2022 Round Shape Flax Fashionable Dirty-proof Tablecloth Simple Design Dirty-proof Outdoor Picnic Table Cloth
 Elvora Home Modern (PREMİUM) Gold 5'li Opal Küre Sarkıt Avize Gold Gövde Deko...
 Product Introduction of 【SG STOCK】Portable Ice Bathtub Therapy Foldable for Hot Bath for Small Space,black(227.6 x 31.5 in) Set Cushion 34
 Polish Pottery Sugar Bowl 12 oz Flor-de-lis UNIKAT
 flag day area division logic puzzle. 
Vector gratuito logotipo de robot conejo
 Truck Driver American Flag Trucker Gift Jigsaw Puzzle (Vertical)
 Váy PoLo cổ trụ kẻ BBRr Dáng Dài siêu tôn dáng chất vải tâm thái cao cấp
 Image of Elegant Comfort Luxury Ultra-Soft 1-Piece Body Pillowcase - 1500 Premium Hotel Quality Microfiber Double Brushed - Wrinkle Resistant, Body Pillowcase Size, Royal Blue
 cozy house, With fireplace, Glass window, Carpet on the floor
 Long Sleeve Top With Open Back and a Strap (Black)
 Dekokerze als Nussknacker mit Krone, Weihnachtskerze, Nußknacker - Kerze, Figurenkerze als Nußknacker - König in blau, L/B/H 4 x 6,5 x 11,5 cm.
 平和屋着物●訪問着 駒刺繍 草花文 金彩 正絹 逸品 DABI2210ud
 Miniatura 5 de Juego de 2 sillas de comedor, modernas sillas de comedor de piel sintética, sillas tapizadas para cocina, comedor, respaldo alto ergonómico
————
- _What you have to do_
A word-for-word copy of the listing is the expected answer.

- _Answer_
2022 Round Shape Flax Fashionable Dirty-proof Tablecloth Simple Design Dirty-proof Outdoor Picnic Table Cloth
 Elvora Home Modern (PREMİUM) Gold 5'li Opal Küre Sarkıt Avize Gold Gövde Deko...
 Product Introduction of 【SG STOCK】Portable Ice Bathtub Therapy Foldable for Hot Bath for Small Space,black(227.6 x 31.5 in) Set Cushion 34
 Polish Pottery Sugar Bowl 12 oz Flor-de-lis UNIKAT
 flag day area division logic puzzle. 
Vector gratuito logotipo de robot conejo
 Truck Driver American Flag Trucker Gift Jigsaw Puzzle (Vertical)
 Váy PoLo cổ trụ kẻ BBRr Dáng Dài siêu tôn dáng chất vải tâm thái cao cấp
 Image of Elegant Comfort Luxury Ultra-Soft 1-Piece Body Pillowcase - 1500 Premium Hotel Quality Microfiber Double Brushed - Wrinkle Resistant, Body Pillowcase Size, Royal Blue
 cozy house, With fireplace, Glass window, Carpet on the floor
 Long Sleeve Top With Open Back and a Strap (Black)
 Dekokerze als Nussknacker mit Krone, Weihnachtskerze, Nußknacker - Kerze, Figurenkerze als Nußknacker - König in blau, L/B/H 4 x 6,5 x 11,5 cm.
 平和屋着物●訪問着 駒刺繍 草花文 金彩 正絹 逸品 DABI2210ud
 Miniatura 5 de Juego de 2 sillas de comedor, modernas sillas de comedor de piel sintética, sillas tapizadas para cocina, comedor, respaldo alto ergonómico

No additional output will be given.